Prompt: Leave the images aside and repeat the whole listing exactly.
*** Information provided Section Begins ***
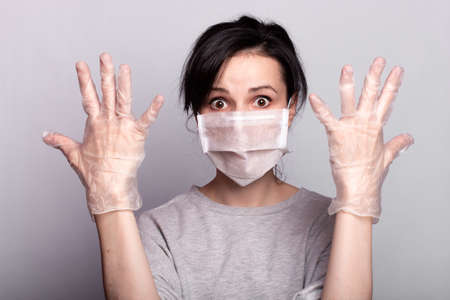 woman in medical mask and gloves fights the virus, health careの写真素材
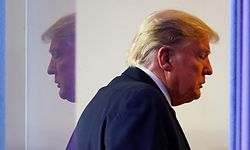 TOPSHOT - US President Donald Trump departs after speaking at the daily briefing on the novel coronavirus, which causes COVID-19, in the Brady Briefing Room at the White House on April 13, 2020, in Washington, DC. (Photo by MANDEL NGAN / AFP)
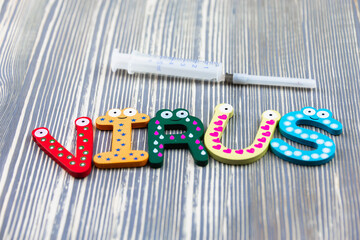 Text VIRUS from letters on a wooden table and a syringe for vaccinations and treatment.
*** Information provided Section Ends ***
Response for this exercise:
 woman in medical mask and gloves fights the virus, health careの写真素材
 TOPSHOT - US President Donald Trump departs after speaking at the daily briefing on the novel coronavirus, which causes COVID-19, in the Brady Briefing Room at the White House on April 13, 2020, in Washington, DC. (Photo by MANDEL NGAN / AFP)
 Text VIRUS from letters on a wooden table and a syringe for vaccinations and treatment.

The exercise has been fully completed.